Dr. Min-Rong Chen is an associate professor at the School of Computer, South China Normal University, China. She worked at the College of Information Engineering, Shenzhen University, China, from 2008 to 2015. She earned her PhD degree from the Department of Automation, Shanghai Jiao Tong University, China, in 2008. She has published over 20 journal and conference papers and has been PI for two Natural Science Foundation of China (NSFC) projects. Her research interests include evolutionary computation and information security.
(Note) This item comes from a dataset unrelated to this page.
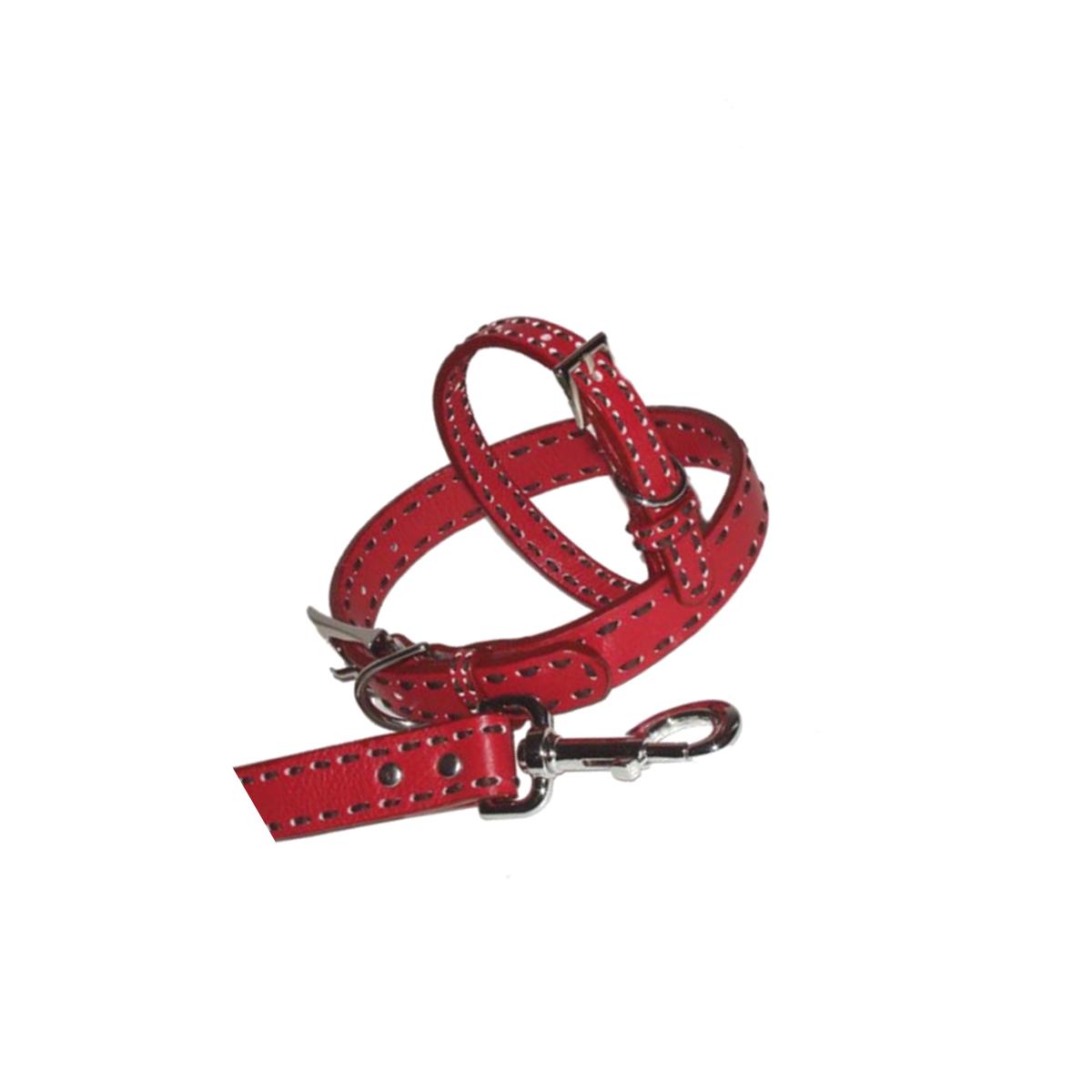 Picture of A Pets World 03011304-16 Leather Dog Collar- Red-Chocolate Saddle Stitch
Dr. Peng Chen is a postdoctoral fellow at the Department of Control Science and Engineering, Zhejiang University, and research engineer at the Research Institute of Supcon Group. He earned his PhD degree from Shanghai Jiaotong University, China, in 2011. He has published over 10 journal and conference papers and been working on a number of production-scale research projects on industrial process modeling and control. His research interests include extremal dynamics and computaional intelligence, system modeling, and optimization control.

Dr. Guo-Qiang Zeng is an associate professor at the Department of Electrical and Electronic Engineering, Wenzhou University, China. He earned his PhD degree in Control Science and Engineering from Zhejiang University, China, in 2011. He has published over 20 journal and conference papers. He received the Best Poster Paper Finalist and Best Student Paper Finalist from the 8th World Congress on Intelligent Control and Automation, 2010. He also received an NSFC funding on an extremal optimization oriented project. His research interests include computational intelligence, micro-grid, power electronics, complex networks, and discrete event systems.